Waar zijn teksten vandaan komen is voor Lohues ongrijpbaarder. „Dat weet ik nog steeds niet zo goed. Die woorden zijn er zo opeens. Als ik een refrein heb, of een zin, weet ik precies waar het over moet gaan. Het is dan wel zaak om het meteen, in één keer, uit te werken. Ik geloof er wel in dat ik maar even toegang heb tot een idee, en dat is het dan.”
Die ideeën borrelen op de meest onverwachte momenten op. „Het gebeurt ook als ik even naar de winkel in Klazienaveen rij, omdat ik de taugé vergeten ben. Dan dwarrelt ineens een flard van vroeger voorbij, die je onderweg moet zien vast te houden. Als ik daarna thuiskom, is het al half af.”
Allennig of samen
Met die enorme bult nieuwe songs – plus Je kunnen niet altied zes gooien, dat hij tijdens de vorige tournee al speelde – ging hij begin november de studio in. Met Bert Wagemakers als vaste man achter de knoppen slingerde hij ze allennig op de band, of samen met Bernard Gepken (gitaar), Reyer Zwart (bas) en Ruben van der Velde (drums).
„De studio gebruik ik heel ouderwets om die nummers, die dan nog in de schets- of demofase zitten, goed vast te leggen. Natuurlijk kan dat tegenwoordig ook thuis. Maar als ik hier een Pro Tools-set neerzet, kom ik het huis nooit meer uit.”

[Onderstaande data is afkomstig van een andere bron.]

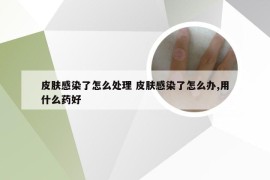 皮肤感染了怎么处理 皮肤感染了怎么办,用什么药好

En dat is uitdrukkelijk wel zijn bedoeling. Eind februari trapte hij in Hardenberg een solotournee af van 45 voorstellingen. Volgend seizoen wil hij Gepken en Zwart weer eens meenemen.
„Ik speel zelden onder Helmond – dat is zo’n taal- en cultuurgrens. Maar in Holland komt er veel volk op af. Rotterdam was zelfs als eerste uitverkocht. Vaak zijn dat natuurlijk mensen die oorspronkelijk uit het Oosten of het Noorden komen en daar zijn blijven hangen. De rest bestaat uit mensen die gewoon geïnteresseerd zijn in muziek of cultuur. Ik vind het een heel mooi publiek.”
Album en optredens
Het album Nou van Daniël Lohues is 15 maart verschenen op zijn eigen label Ericana Recordings. De single De Emmenaar en de olifant kwam twee weken eerder uit. De theatertour komt onder meer in: 6/4 Kielzog, Hoogezand; 12/4, De Meenthe, Steenwijk; 20/4 Molenberg, Delfzijl; 23/4 + 24/4 DNK, Assen; 2/5 + 3/5 Tamboer, Hoogeveen; 17/5 Ogterop, Meppel; 24/5 Lawei, Drachten; 25/5 Klinker, Winschoten; 31/5 + 1/6 Geert Teis, Stadskanaal; 9/6 + 10/6 Stadsschouwburg, Groningen; 12/6 Spiegel, Zwolle; 15/6 + 16/6 Atlas, Emmen. Zie ook: lohues.nl/agenda.